Il 12 dicembre scorso si sono conclusi a Parigi i lavori della conferenza ONU sul clima, la CoP21 (Conferenza delle Parti), chiamata così perché da ventuno anni le Parti, cioè le nazioni partecipanti, si incontrano annualmente per fare il punto sui cambiamenti climatici. Quest’anno l’agenda era particolarmente importante e ambiziosa. Come base per la discussione i delegati nazionali avevano il quinto rapporto dell’IPCC, il Pannello Intergovernativo sul Cambiamento Climatico delle Nazioni Unite, uscito nel 2014, sette anni dopo il precedente rapporto. L’IPCC è un organismo scientifico che ha iniziato ad operare nel 1988 e nel 2007 è stato insignito del premio Nobel per la pace. L’organismo si compone di tre gruppi di lavoro. Il primo studia i cambiamenti climatici, il secondo ne analizza gli impatti, ed i relativi rischi, sui sistemi naturali e umani, il terzo individua le misure da adottare per mitigarne le cause. I rapporti dell’IPCC, elaborati per la parte di propria competenza da ognuno dei suddetti gruppi di lavoro, forniscono la fotografia dettagliata dell’evoluzione del clima. Per questa ragione l’IPCC è il principale organo di consultazione a disposizione dei governi.
Secondo l’IPCC, l’aumento totale tra la media delle temperature nel periodo 1850 – 1900 e quella nel periodo 2003 – 2012 è stata 0.78 gradi centigradi. Il 1850 è stato l’anno in cui le misurazioni strumentali della temperatura superficiale della terra sono cominciate in modo sistematico. 0,78 gradi è un numero calcolato sulla base della serie storica di dati più lunga disponibile ed è il frutto di un gigantesco sistema di rilevamento e di analisi dei dati effettuato nei più potenti centri di calcolo dei cinque continenti. Questo numero è certamente cresciuto negli ultimi tre anni e pertanto va considerato come una stima per difetto.

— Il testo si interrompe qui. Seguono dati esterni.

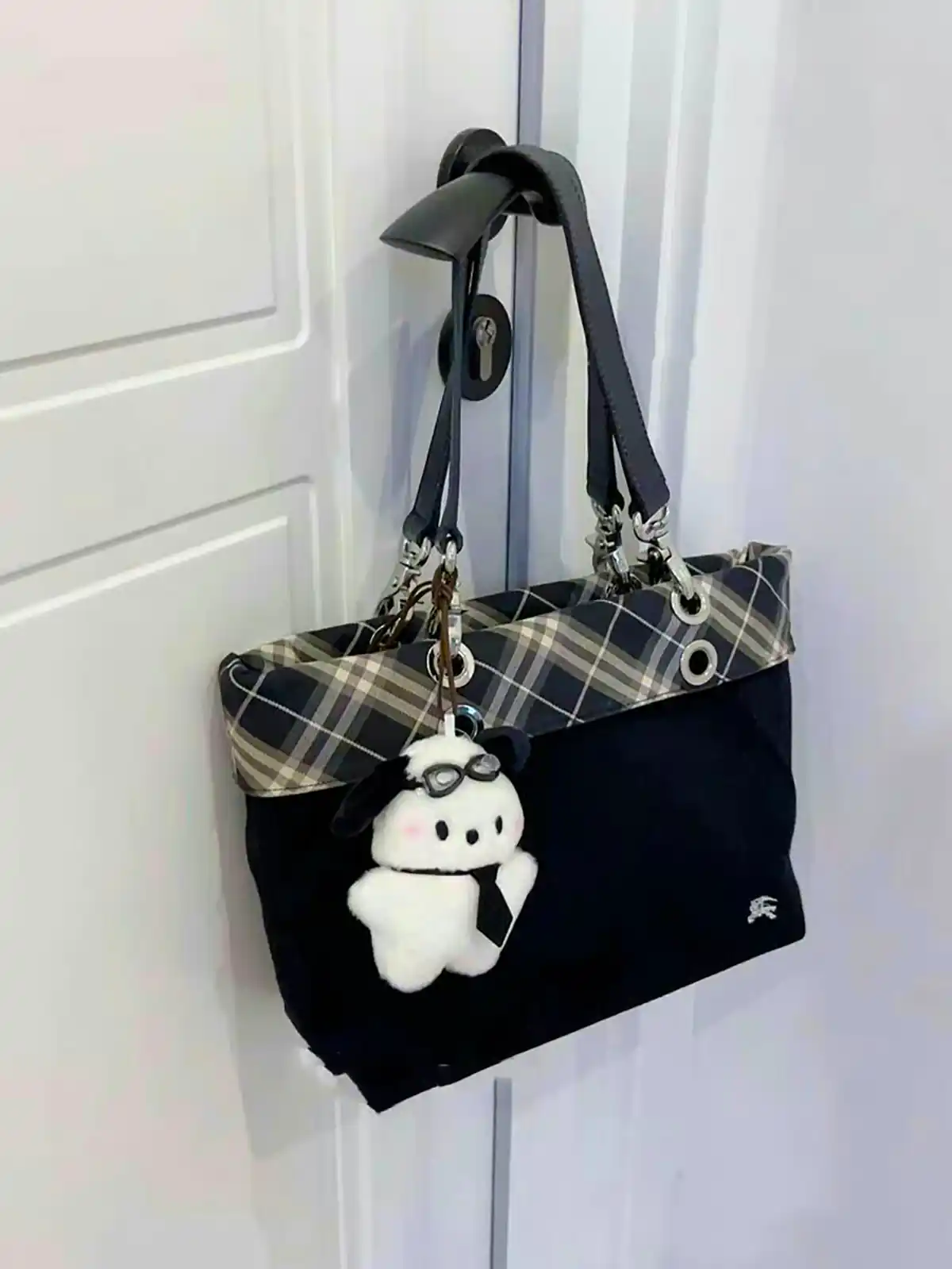 کیف بزرگ دانشجویی زیبا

La scelta dei livelli preindustriali come base di riferimento è chiara. Prima della rivoluzione industriale l’energia utilizzata per le attività umane era quasi esclusivamente naturale. Con la rivoluzione industriale si è cominciato a fare uso dei combustibili fossili, carbone in primis, e sono cominciate le emissioni di gas serra, ovvero dei gas che hanno aumentato l’effetto serra e, come conseguenza, il riscaldamento del pianeta. Il quinto rapporto dell’IPCC ha confermato che il riscaldamento globale è un fenomeno innegabile, la cui causa principale è rappresentata dalle emissioni di gas serra prodotte dalle attività umane, e che i suoi impatti sono visibili in tutti i continenti e negli oceani. Negli ultimi anni le emissioni sono aumentate più velocemente: tra il 1970 e il 2000 erano cresciute del 1.3% all’anno, dal 2000 al 2010 la crescita annuale è stata del 2.2%. Circa la metà delle emissioni accumulate dal 1750 al 2010 sono state prodotte negli ultimi 40 anni. Tra i principali “produttori” di gas serra figurano gli Stati Uniti, la Cina, la Russia e i paesi europei.